The modern mobile phone is a more complex version of the two-way radio. Traditional two-way radio was a very limited means of communication. In the 1940s, researchers decided to use a number of radio masts to pick up signals from two-way radios. When a caller moved too far away from one mast, the next mast would pick up the signal. Scientists called each mast’s reception area a separate “cell”; this is why in many countries mobile phones are called “cell phones”.
The first real mobile telephone call was made in 1973 by Dr Martin Cooper, the scientist who invented the modern mobile handset. He tested his invention by calling a rival scientist to announce his success. Within a decade, mobile phones became available to the public. The streets of modern cities were full of young professionals who carried the expensive handsets as status symbols.
But in the mid-90s, something happened. Cheaper handsets and cheaper calling rates meant that, almost overnight, it seemed that everyone had a mobile phone. And the giant plastic bricks of the 80s had been replaced with smooth little objects that fitted nicely into pockets and bags.

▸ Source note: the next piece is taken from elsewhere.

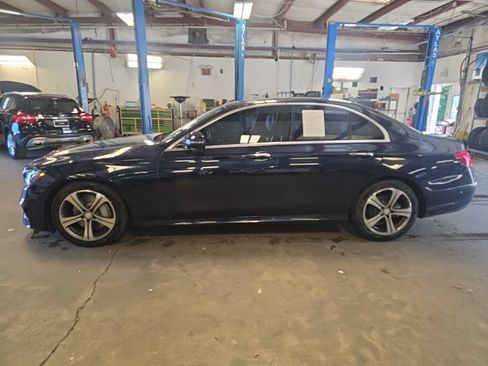 Used 2017 Mercedes-Benz E 300 image 2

Meeting times became approximate, subject to change at any moment under the new order of communication: the Short Message Service (SMS) or text message. Going to be late? Send a text message! It takes much less effort than arriving on time, and it’s much less awkward than explaining your lateness face-to-face. It’s the perfect communication method for the busy modern lifestyle.
Like email before it, the text message has altered the way we write in English, bringing more abbreviations and a more lax approach to language construction. Traditional rules of grammar and spelling are much less important when you’re sitting on the bus, hurriedly typing “Will В 15min late — C U @ the bar. Sorry!:-)”.
Mobile phones are now a vital part of daily life for people. Over the last few years mobiles have become more and more advanced, with built-in cameras, global positioning devices and internet access. The “third generation” of mobile phones is powerful microcomputers with broadband internet access, which allow us to watch TV, download internet files at high speed and send instant video clips to friends.
Alexander Graham Bell would be amazed if he could see how far the science of telephony has progressed in less than 150 years. If he were around today, he might say: “That’s gr8! But I’m v busy rite now. Will call U 2nite”.